ABOUT THIS EXERCISE - Every entry below must be transcribed word for word, and the images must be left out.
• • • •
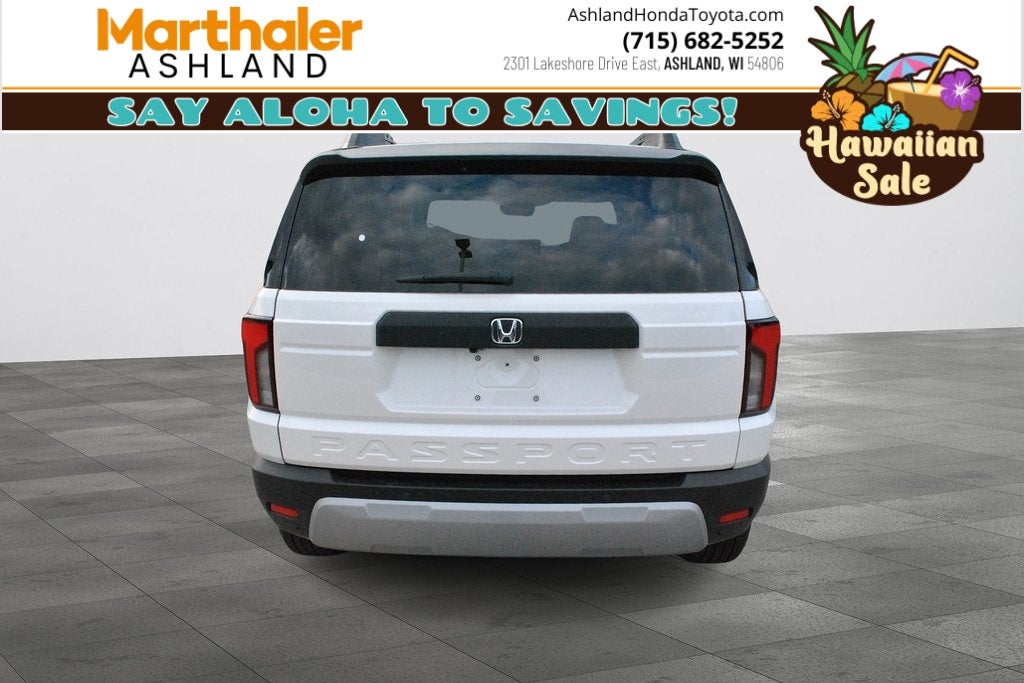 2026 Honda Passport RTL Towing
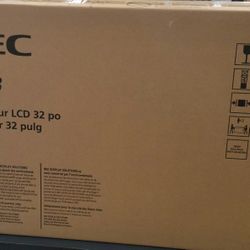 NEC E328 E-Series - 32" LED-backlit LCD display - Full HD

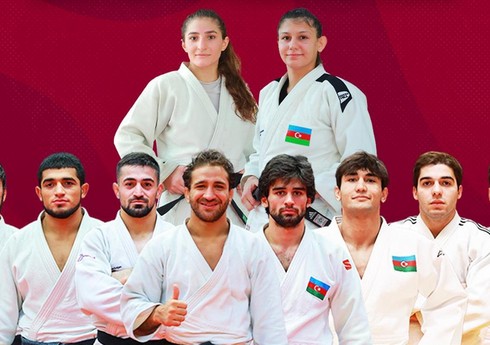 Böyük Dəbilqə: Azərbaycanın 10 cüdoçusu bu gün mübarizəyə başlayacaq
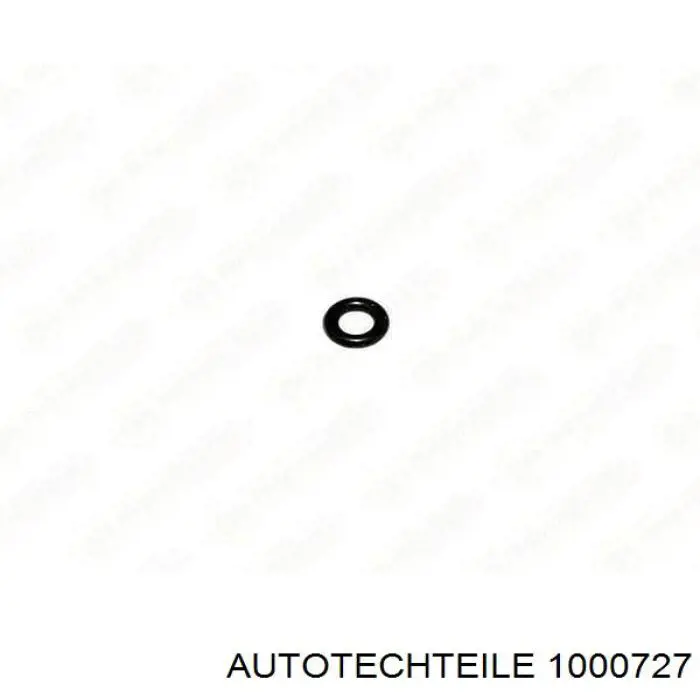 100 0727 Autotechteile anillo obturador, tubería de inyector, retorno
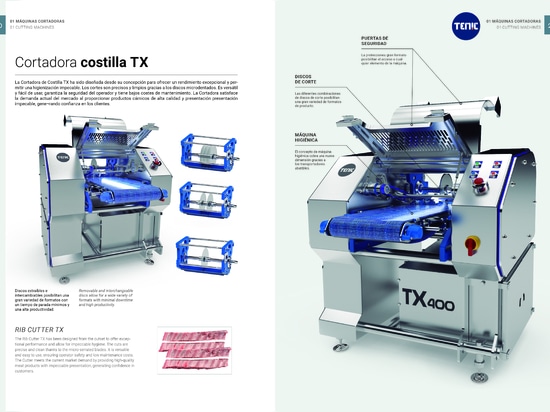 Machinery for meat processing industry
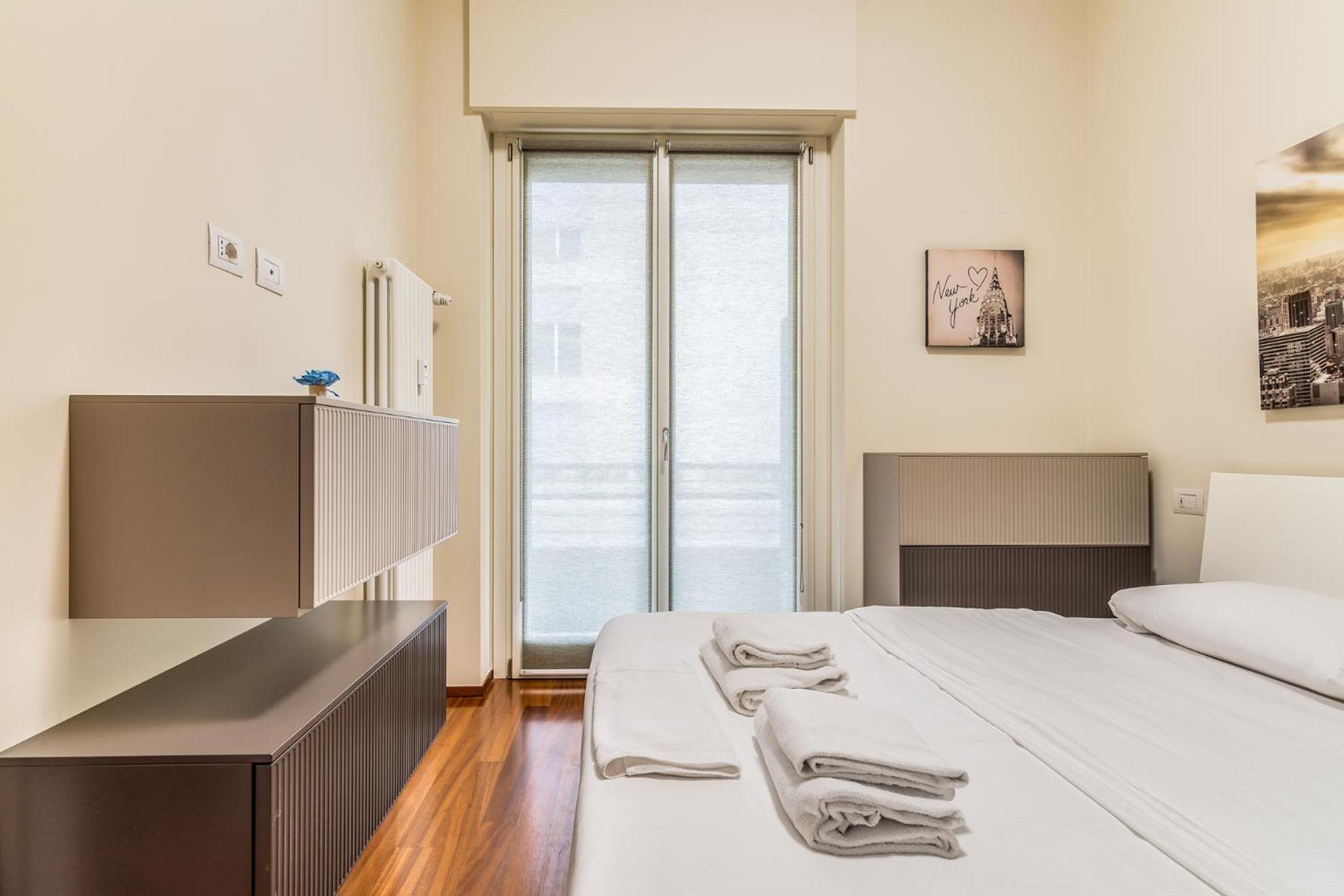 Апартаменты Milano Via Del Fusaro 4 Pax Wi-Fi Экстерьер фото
• • • •
SOLUTION TO THIS PROBLEM -
 2026 Honda Passport RTL Towing
 NEC E328 E-Series - 32" LED-backlit LCD display - Full HD

 Böyük Dəbilqə: Azərbaycanın 10 cüdoçusu bu gün mübarizəyə başlayacaq
 100 0727 Autotechteile anillo obturador, tubería de inyector, retorno
 Machinery for meat processing industry
 Апартаменты Milano Via Del Fusaro 4 Pax Wi-Fi Экстерьер фото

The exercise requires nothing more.